Data for analysis START
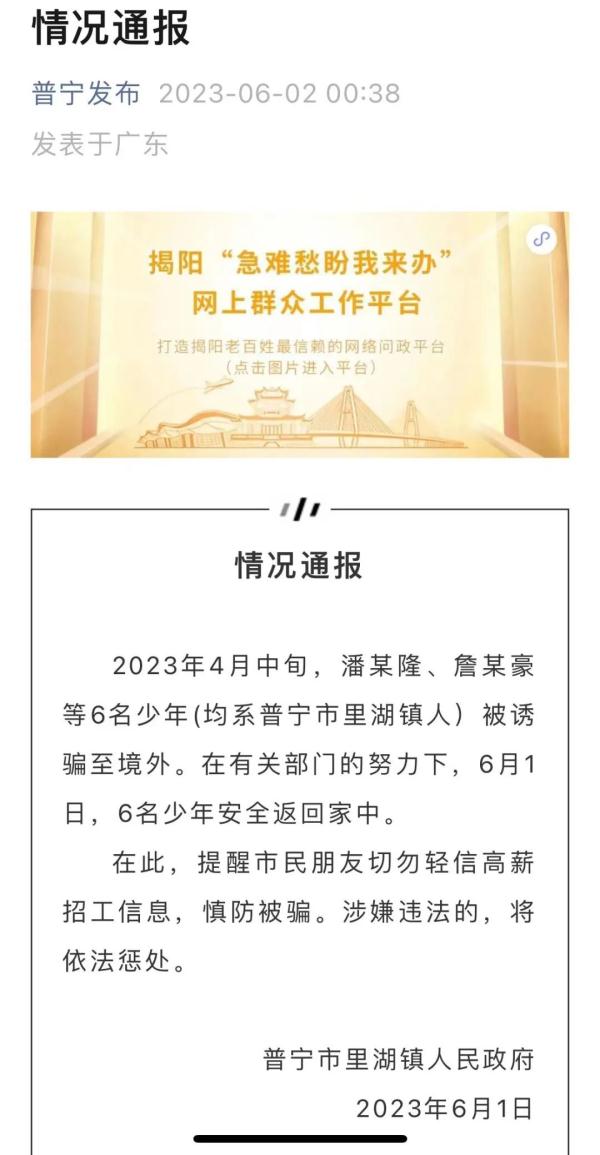 6名少年被骗至缅甸，广东普宁最新通报！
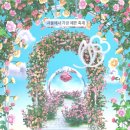 정릉교회 육교 밑 | 2026 중랑장미축제 꿀팁 완벽정리 편의시설 주차장 후기
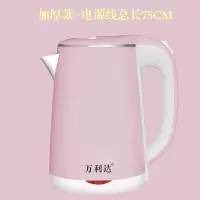 大容量家用电热水壶不锈钢电水壶防烫烧水壶自动断电保温电开水壶|2.3升樱花粉-加厚款-3年换新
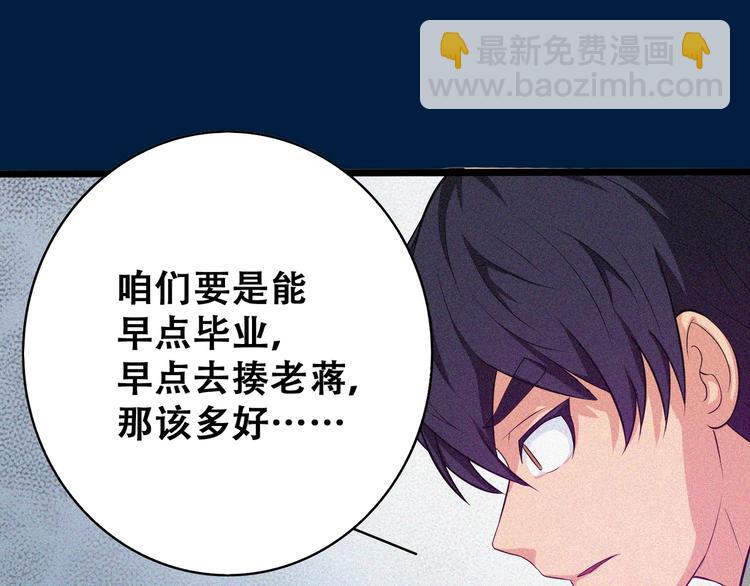 第21话 红色黎明68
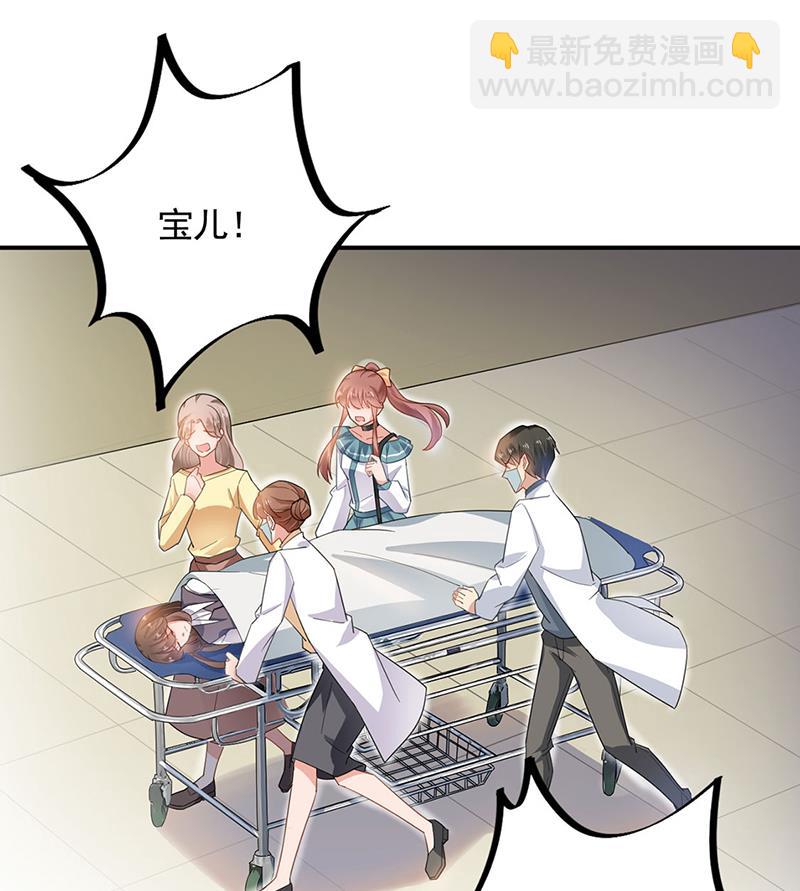 《盛世甜爱易少的小萌妻》因祸得福 第2页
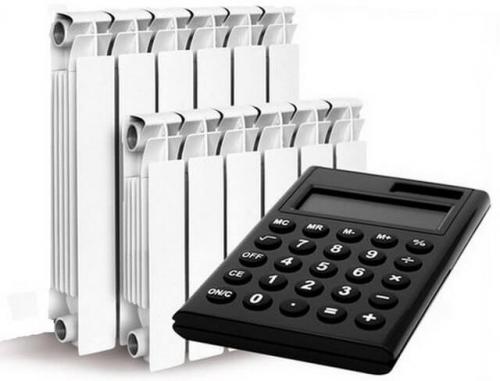 Как подобрать батарею отопления по площади. Способы расчета радиаторов 03 Как подобрать батарею отопления по площади. Способы расчета радиаторов 03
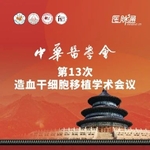 第十三次全国造血干细胞移植学术会议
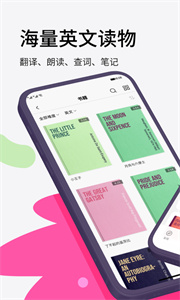 火龍果寫作論文降重截圖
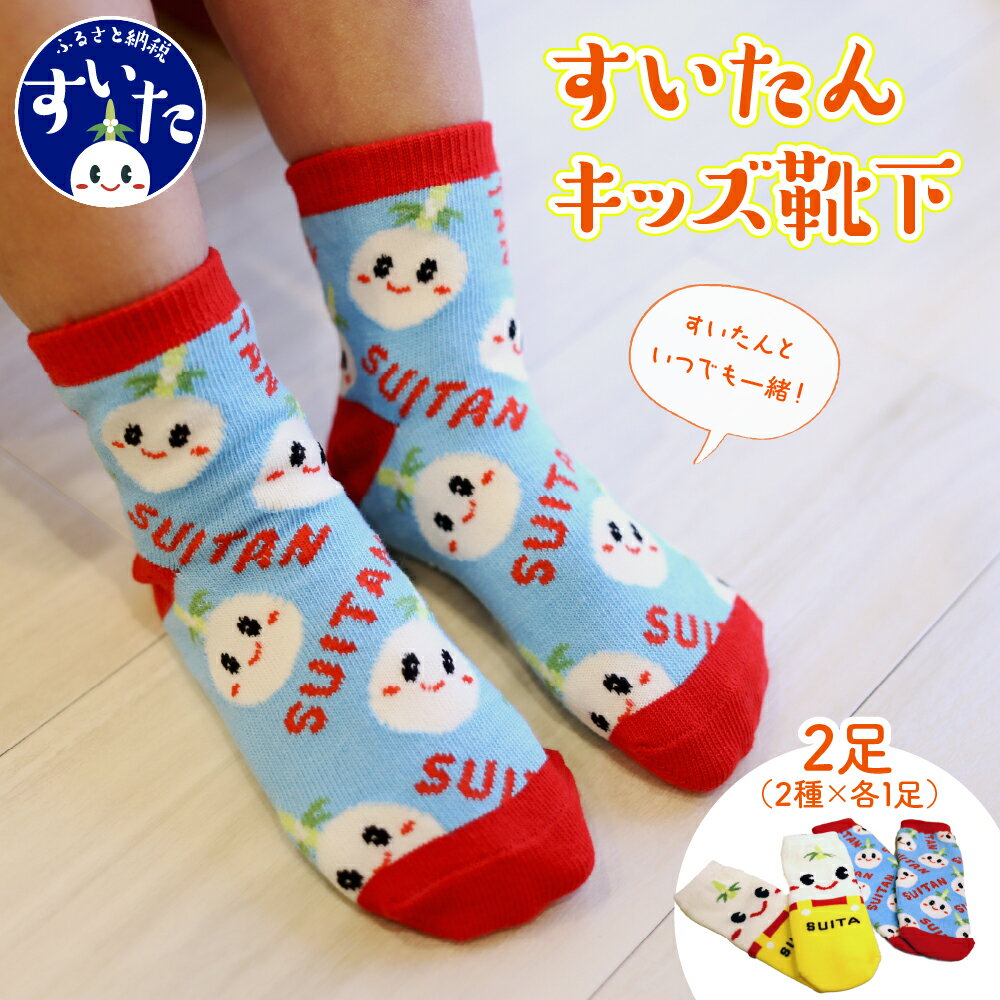 すいたん キッズ 靴下 13～18cm 滑り止め付 2足 (2種×各1足) くつした ソックス ショート丈 ショート 子供 子供用 男の子 女の子 贈り物 プレゼント 滑り止め すべりどめ ゆるキャラ ご当地キャラ キャラクター グッズ 大阪府吹田市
Data for analysis END
The lines from the one containing "大容量家用电热水壶不锈钢电水" up to and including the last line of the material above are to be given again exactly; any pictures are dropped.

Exercise solution =>
 大容量家用电热水壶不锈钢电水壶防烫烧水壶自动断电保温电开水壶|2.3升樱花粉-加厚款-3年换新
 第21话 红色黎明68
 《盛世甜爱易少的小萌妻》因祸得福 第2页
 Как подобрать батарею отопления по площади. Способы расчета радиаторов 03 Как подобрать батарею отопления по площади. Способы расчета радиаторов 03
 第十三次全国造血干细胞移植学术会议
 火龍果寫作論文降重截圖
 すいたん キッズ 靴下 13～18cm 滑り止め付 2足 (2種×各1足) くつした ソックス ショート丈 ショート 子供 子供用 男の子 女の子 贈り物 プレゼント 滑り止め すべりどめ ゆるキャラ ご当地キャラ キャラクター グッズ 大阪府吹田市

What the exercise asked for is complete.